*** RECORDED INFORMATION Section Begins ***

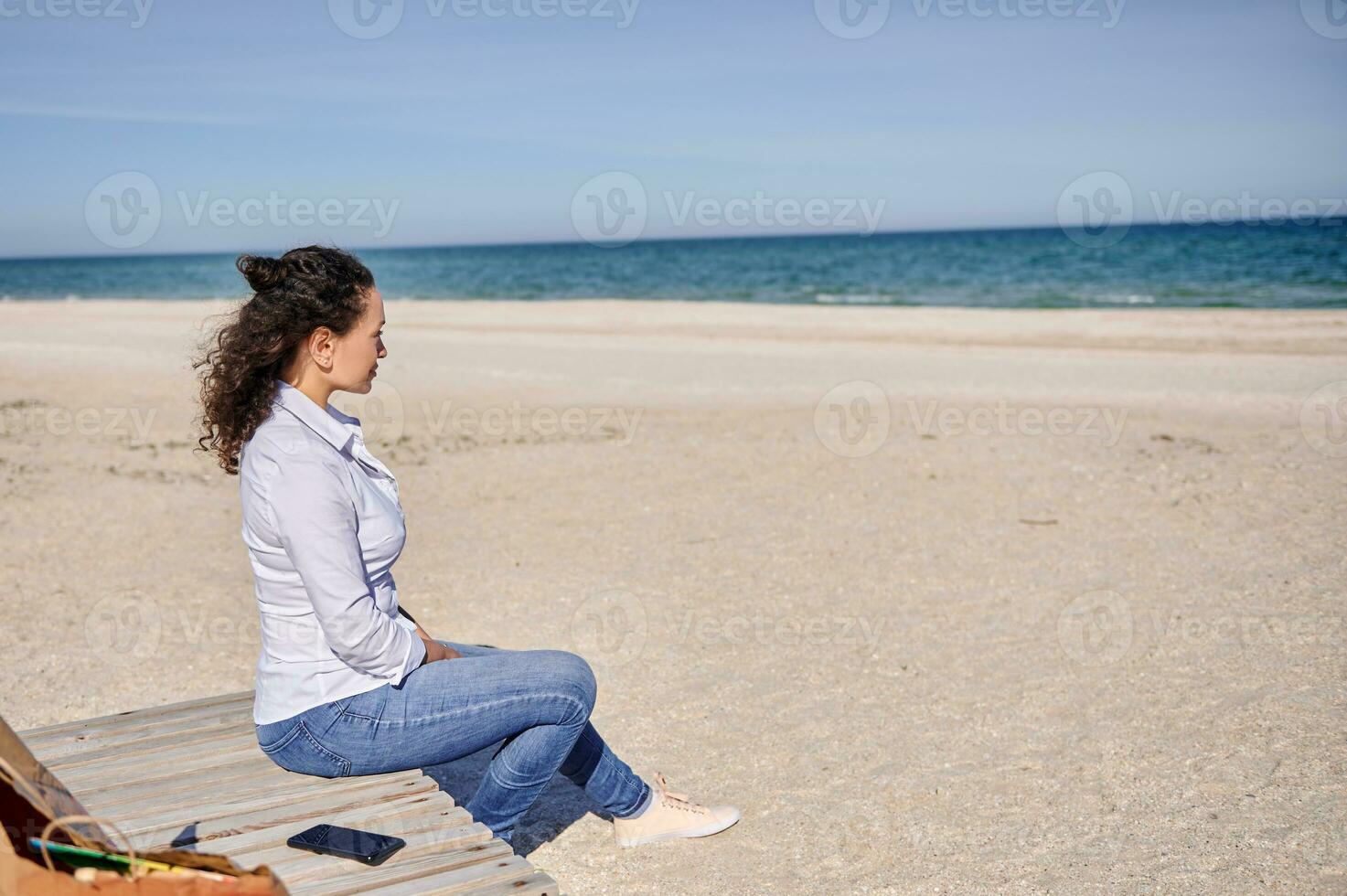 heiter Frau Sitzung auf ein hölzern Chaise Salon Sitzung auf einsam Strand und genießen das still Aussicht zu das Strand. still nicht städtisch Szene, Freizeit Aktivität und Entspannung Zeit Konzepte foto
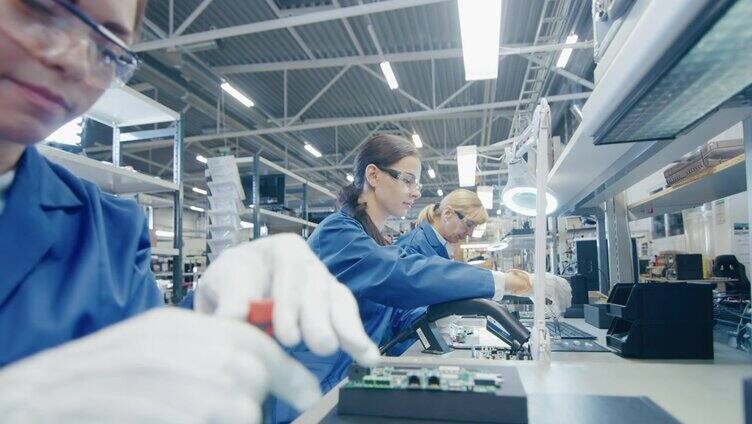穿着蓝色工作服和防护眼镜的电子厂女工正在用螺丝刀组装笔记本电脑的主板。拥有多名员工的高科技工厂设施。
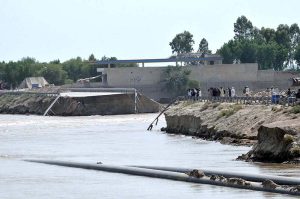 A view of the breach point at Gilani embankment as high flow of flood water posing a threat to nearby settlements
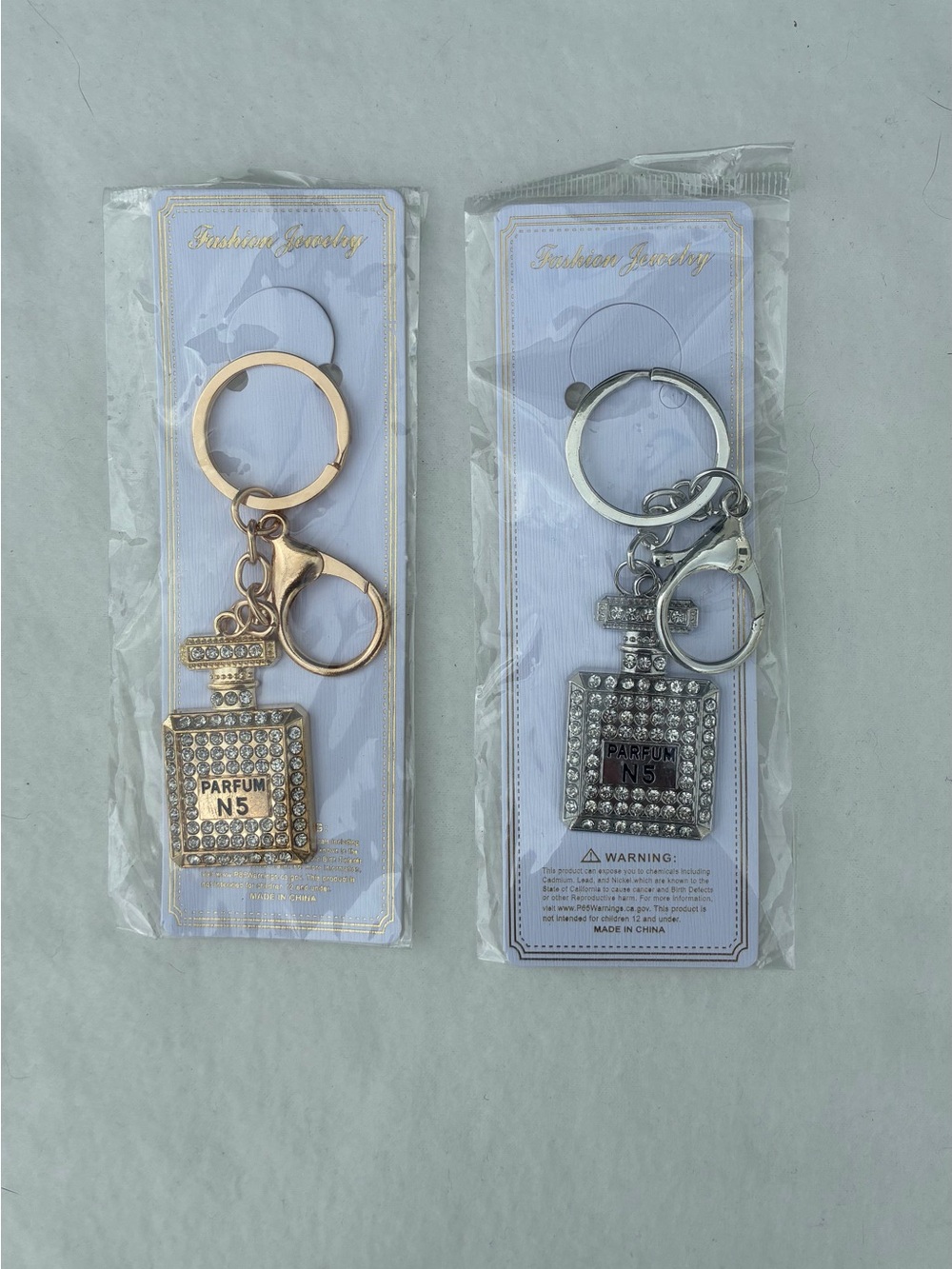 Rhinestone Parfum Bottle Keychain - Gold and Silver (Set of 2)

*** RECORDED INFORMATION Section Ends ***

EXERCISE PROMPT:
Copy nothing but the lines above from the one with "A view of the" through the end of the material, word for word, and drop the pictures.

WRITTEN SOLUTION:
 A view of the breach point at Gilani embankment as high flow of flood water posing a threat to nearby settlements
 Rhinestone Parfum Bottle Keychain - Gold and Silver (Set of 2)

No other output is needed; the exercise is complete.